Recently in these pages I wrote that now, with public attention so focused on the senseless murder of George Floyd while in police custody, it was urgently important to seize the moment and implement measures to deal with the problem of racial injustice. Reforming law enforcement practices should be the first order of business. Protesters expect to see some results, not just the usual promises of change. Changes to improve economic and educational opportunities for African Americans may not show immediate, perceptible results, especially in an economy crippled by a pandemic, but reforming policing practices such as abandoning the use of chokeholds and improved training and recruitment should.

Policing reforms won’t be easy because law enforcement is largely a local, not federal, responsibility and it isn’t just simply a matter of the federal government issuing rules, although federal grants could be made contingent upon compliance. There is, in addition, a plethora of law enforcement agencies, including city, county and state police and sheriff’s departments as well as numerous other agencies such as campus police, all with different jurisdictional limits, reporting responsibilities and funding sources. Still, the federal government can exert influence through grants and other forms of persuasion. Federal guidelines are needed and needed now. Otherwise, this could be a long summer of discontent.

Alas, nothing happens quickly in Washington these days, unless you count street demonstrations and riots. The GOP-controlled Senate drafted a bill authored by Sen. Tim Scott (R, S.C.), the Senate’s only black Republican member, who has himself been racially profiled multiple times while driving and even while trying to enter the Senate chambers. Mr. Scott’s bill emphasized data collection and training police officers in de-escalating confrontations and dealing with those suffering from mental disorders. These areas, along with improved recruitment strategies stressing judgment and decision-making while screening out those with evidence of identity bias or anger management issues, are exactly where the emphasis should be. Democrat leaders, however, have indicated that Mr. Scott’s bill is far too little and they blocked the bill, preventing debate.

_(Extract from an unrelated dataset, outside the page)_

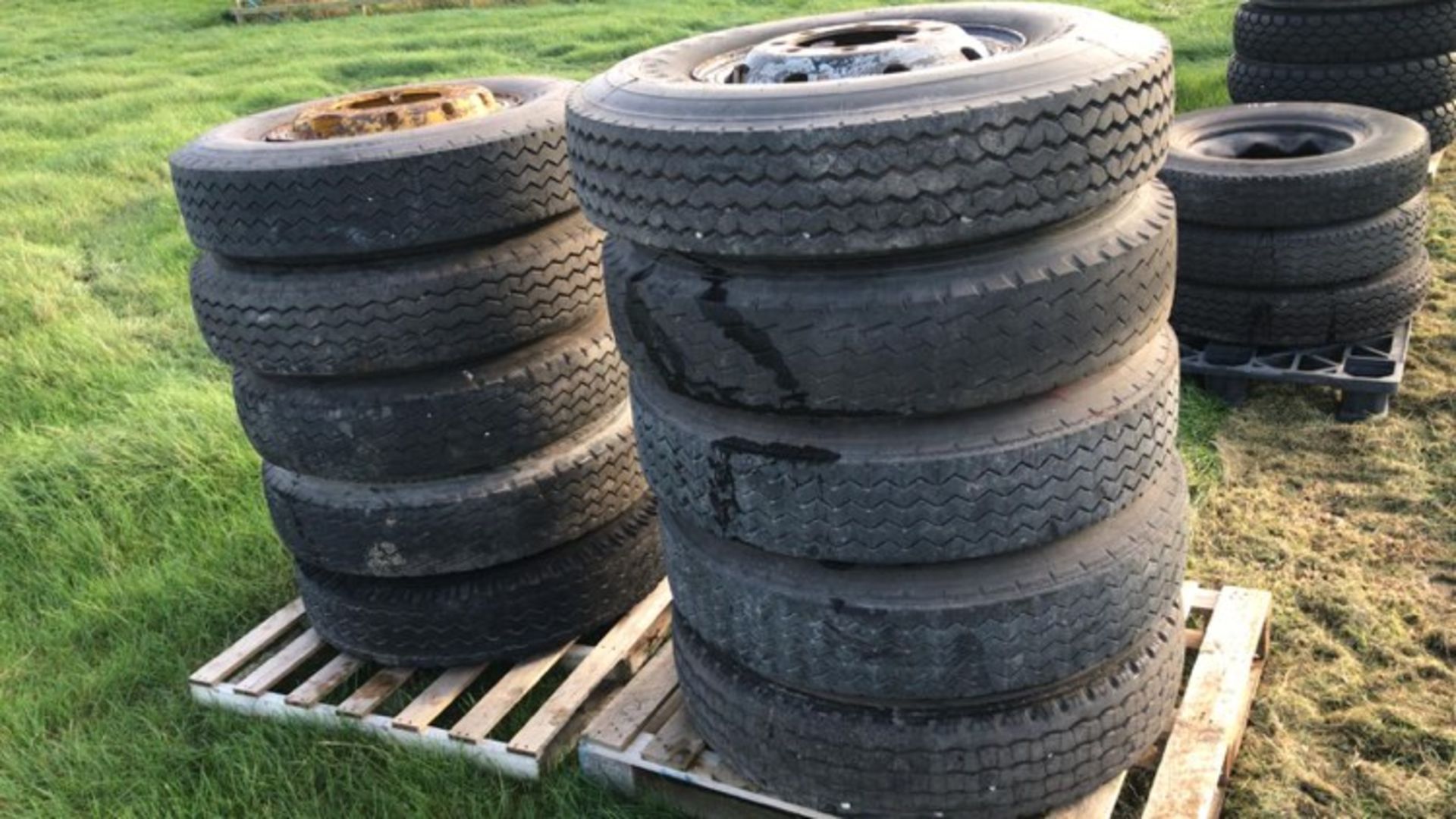 10x Tyres and Wheels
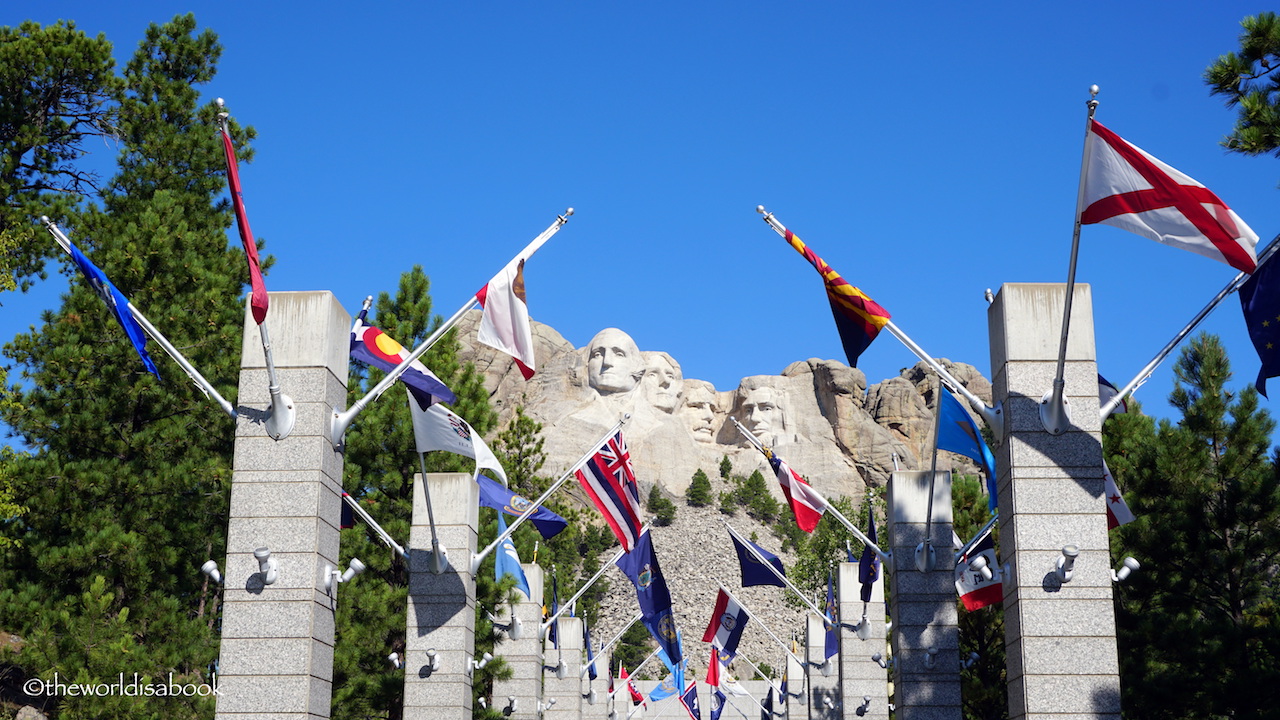 Mount Rushmore with kids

Democrats are not interested in collecting more data; at least not data of the sort that they well know fails to show a consistent pattern of racial bias in the use of deadly force by police as many researchers and pundits, including the Wall Street Journal’s Jason L. Riley, have documented. As Mr. Riley wrote recently, a few viral videos just doesn’t prove otherwise. Let me be clear, however, that in my view even one event like Mr. Floyd’s brutal, heartless murder, is sufficient enough to justify outrage and even a few of them enough to justify reform. But that reform should be informed by hard, objective facts, even if they don’t support a particular narrative. It should never be based on emotion, least of all rage and revenge.

Data that Democrats do want more of are data on the race and ethnicity of both suspects and police involved in traffic stops and similar encounters. But enforcement of the law should be colorblind. The issue is about whether or not a law was broken and by whom, not the race or ethnicity of those involved. No one is above the law and no one who breaks the law should get a pass because of race or ethnicity. Justice must be blind and evenly applied or it is not just at all.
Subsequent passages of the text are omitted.